As cloud solutions move towards more competitive and
flexible billing their will of course be challenges for the traditional
reseller approach, but these are not insurmountable if the adoption and
adaption to these starts now. Leave it too far down the path and the transition
will be painful and like jumping off a cliff, rather than going down a gentle
gradient as the landscape changes.
There are already plenty of examples of pure play cloud
resellers, oft newly started by employees made redundant and deciding now is
the time to make their own path. They
are growing fast with low cost overheads, no legacy renewals or worry about
cannibalising existing business. Everything is upside to them and they are
showing the example that cloud can be a reseller success and drive profitable
revenue, different agreed, but why discount because of form factor and change.

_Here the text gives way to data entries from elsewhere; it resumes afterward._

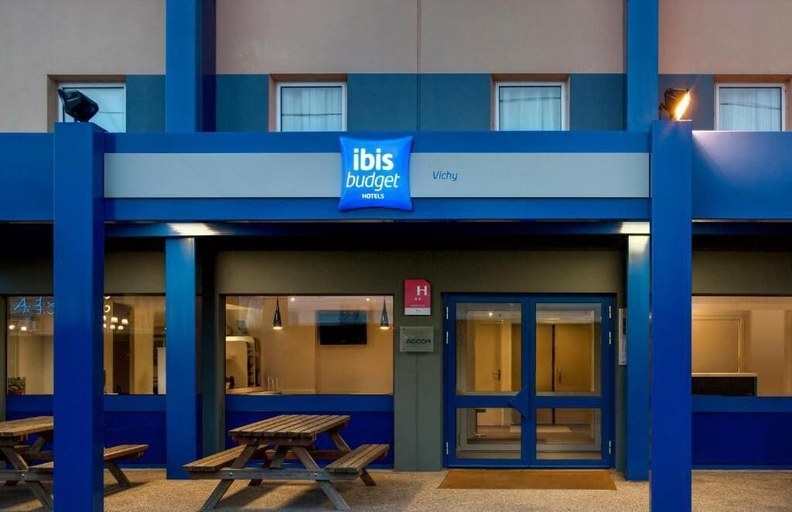 Exterior & Views 2, ibis budget Vichy, Allier
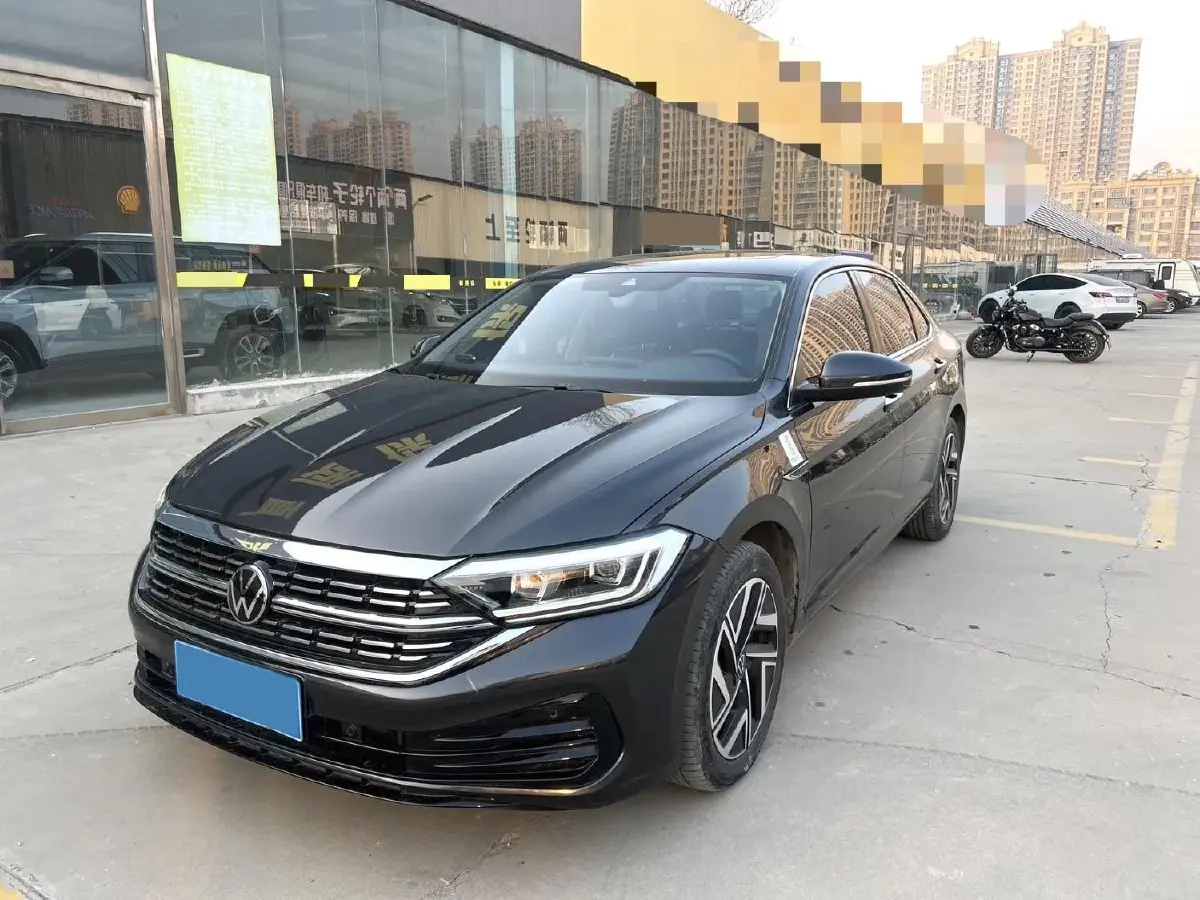 2024 Volkswagen Sagitar 1.5T 160HP L4 7DCT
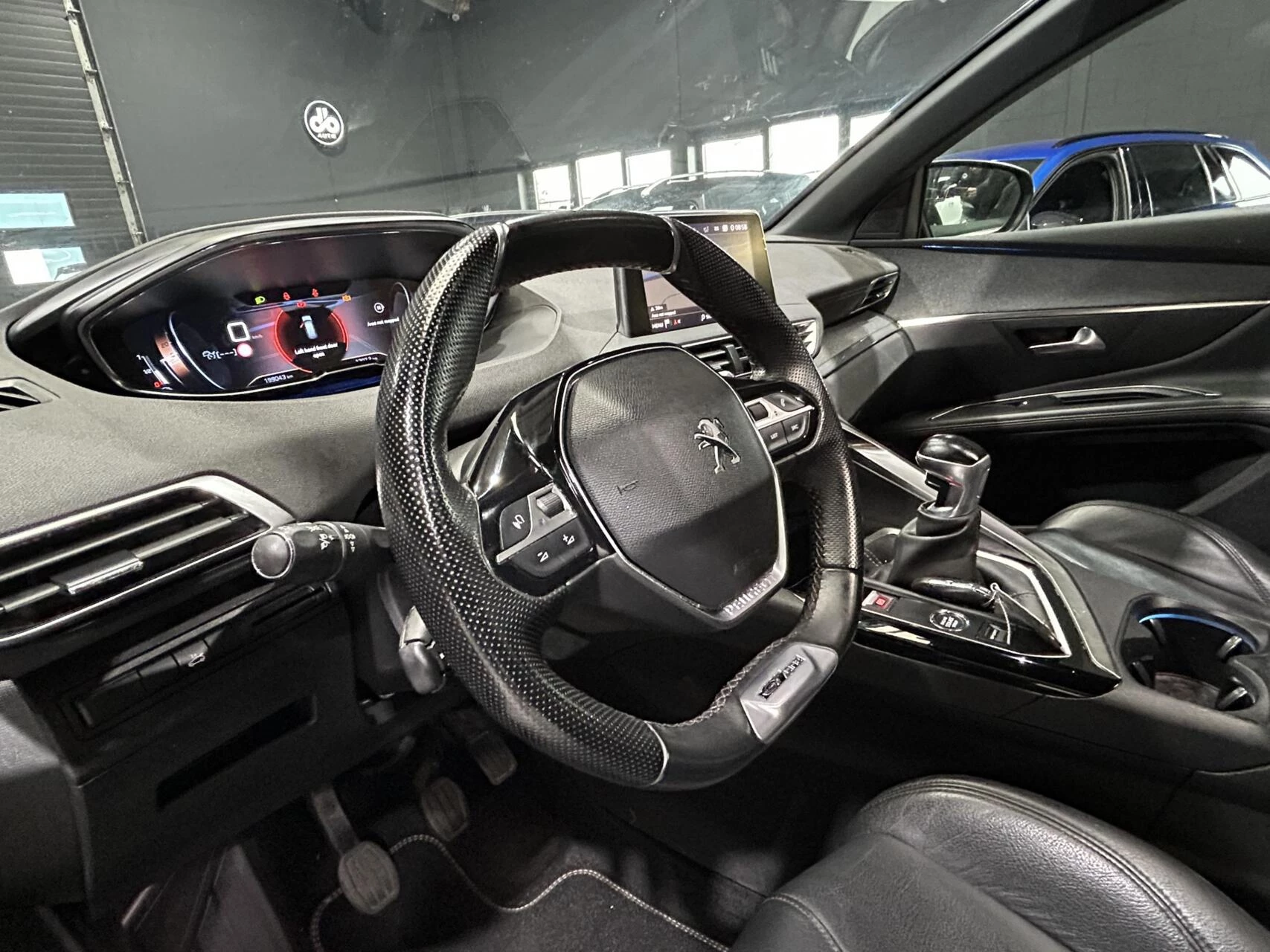 Hoofdafbeelding Peugeot 5008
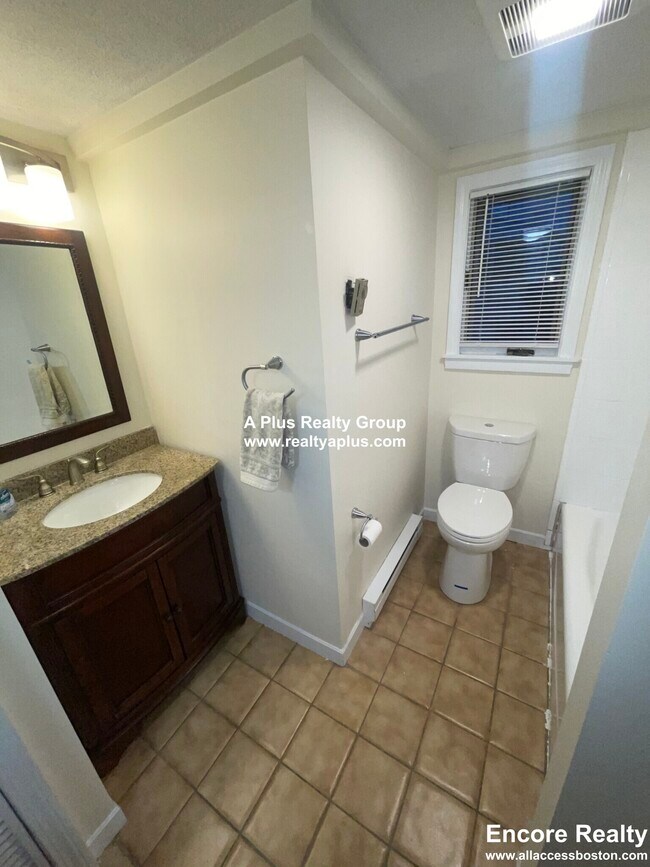 Building Photo - 842 South St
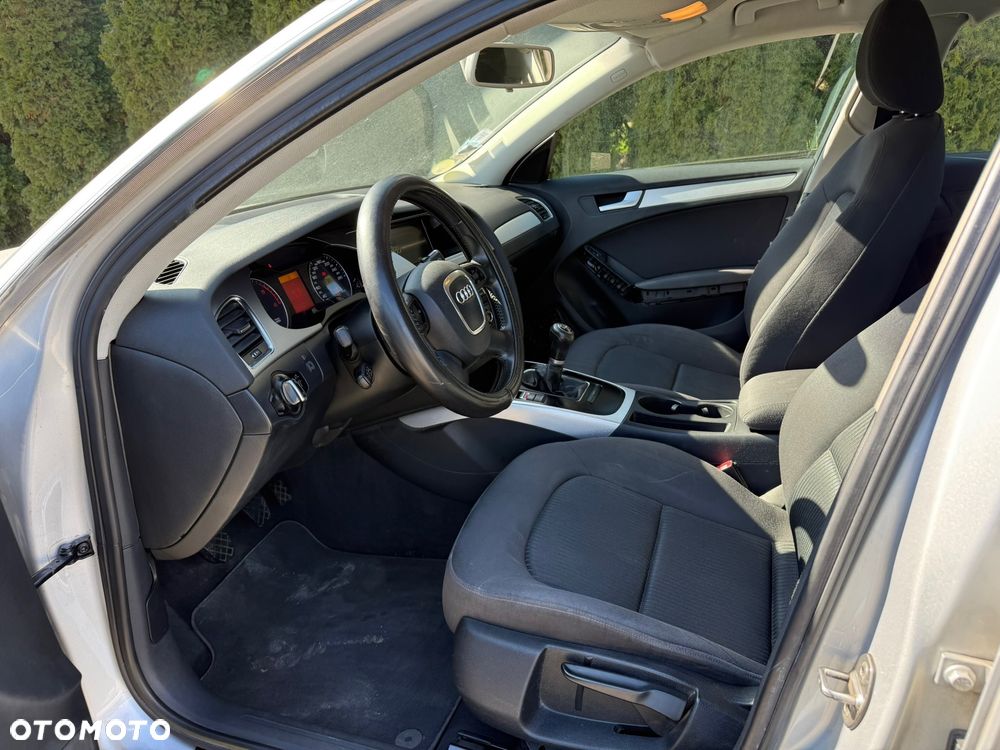 Audi A4 Limousine - 15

I still hear it asked often by Cloud Vendors, do we need a
channel at all for cloud solutions and also occasionally this is coming from a
person with Channel firmly in their job title, a worrying trend. A belief that
the world has changed overnight, cloud can only be sold direct, there is no
need for a channel . Yes in retail cloud has enamoured change, and consumers
are changing buying patterns, particularly the young. But still there is a
place for the brick and mortar retailer. The supermarkets are booming, they
have taken on more ranges branching into videos, books, home appliances and
even banking and insurance. Being able
to adapt is key to survival and surely us as an educated species is capable of
doing this when it comes to Cloud.
What we will see for sure is a change of the go to market
landscape. Traditional resellers may find themselves having new competitors in
this arena. It will not necessarily be one of their reseller peers bidding
against them but perhaps a Managed Service Provider (MSP), an Internet Services
Provider (ISP) or a telecoms reseller bidding cloud as part of their monthly
billing solution set.
The Telco and Xsp type go to market channels are expanding
into cloud for many reasons. Key is the fact that they already have the billing
models and customer relationships in place. They already have customers who
they bill monthly for example for a range of services and much like with mobile
phones where the market has expanded from the basic access contract to a
variety of additional services such as TXT messaging, video download allowance,
web browsing, roaming hotspot service etc
the providers are now seeking additional services which they can offer
to their client relationships and billing cycles. Contrary to this the IT market in general has
been delivered on a supply and pay up front model historically. Cloud is
changing the model to one where IT is delivered online in a periodic billing
model and the value the channel brings is evolving. Telco’s as part of this
have a large base of customer relationships to leverage, the infrastructure and
funds to build out cloud services and the billing tools and relationships to
handle what customers will expect. IT channels are going to have to adapt to
this as they find new competition from the Telco and Xsp space. Also we are
likely to see an increase in Communication providers (those provide telephony
and the services and billing around this) and theoretically anyone who has a large
spread of customer billing relationships, perhaps we will even see cloud
services being sold through surprising channels down the line such as the
supermarkets (perhaps selling cloud units, storage or credits much like mobile
phone credits today). After all, go back
20 years and no one would have believed that you would be banking and insuring
through this route to market.
Cloud is here to stay, under whatever name you wish to call
it (SaaS, Public, etc) and customers will increasingly become comfortable with
its form factor and delivery and as this happens if you as a channel have not
given them enough value to buy it though you, likelihood is they won’t. Leverage your customer relationships now,
talk to your clients about this new arena, educate yourself and work out the
sweet spot for you and execute against it.